Ainsi cette opération illustre ce qui se fait de pire en termes d’instrumentalisation du droit de l’urbanisme :

  • un des arguments mis en avant est une déclaration d’utilité publique en 2005 prévoyant des constructions sur ces terres agricoles. Mais depuis, il y a aussi de nouveaux rapports du GIEC, la meilleure compréhension de l’urgence climatique et de la nécessité de limiter l’artificialisation des sols !
  • le PLU est révisé dans la précipitation avant qu’advienne le nouveau SDRIFE et d’éventuelles prises en compte de l’objectif de zéro artificialisation net : même si on craint d’être déçu par le manque d’ambition du SDRIFE, il est à craindre pour les promoteurs et élus bétonneurs que quelques mesures rendent plus compliquées une telle opération qui détruit des terres agricoles cultivées que tout pousse au contraire à préserver
  • la loi du Grand Paris, et ses 60 000 logements à construire par an, est invoquée comme dans beaucoup d’endroits pour justifier cela, et ce d’autant plus facilement que Grand Paris Aménagement porte l’opération : or nous ne sommes pas dans le périmètre du Grand Paris et ces 1000 logements à construire sur les terres seront loin de toute gare. Et surtout cette loi du Grand Paris ne correspond plus ni aux exigences de l’urgence climatique, ni aux aspirations de la population comme en témoignent le retour en grâce des villes moyennes, l’impact du développement du télétravail et les chiffres catastrophiques de vente de logements en Ile de France en 2022.
  • les textes votés par l’intercommunalité, l’agglomération du Val Parisis (la plus peuplée du Val d’Oise) n’aident pas non plus : cette agglomération a présenté son Plan Climat Air Territoire lors de son dernier conseil communautaire. Ce plan ne contient…aucune action de lutte contre l’artificialisation des sols.
  • les logements vacants (600 à Taverny d’après l’Insee) et le potentiel de réhabilitation (plutôt qu’artificialisation) demeurent des angles morts, totalement ignorés 
Les terres fertiles sont rares en Ile-de-France : sauvons nos terres agricoles !
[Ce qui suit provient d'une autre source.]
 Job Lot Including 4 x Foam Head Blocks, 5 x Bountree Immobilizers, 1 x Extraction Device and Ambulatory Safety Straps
Pourtant il est possible d’aménager et de construire ailleurs et autrement !

Tôt ou tard de tels projets seront tout bonnement interdits par les règles et/ou les populations : certes lentement, la régulation de l’artificialisation des sols est en route tant son impact sur le climat, l’environnement et la santé est important.

Outre des recours, la mobilisation continue pour alerter et informer la population abreuvée d’un greenwashing incessant dont cet « éco-quartier » détruisant des terres pour financer ailleurs ce qui s’apparente à des caprices d’aménagement urbain, est un terrible symbole.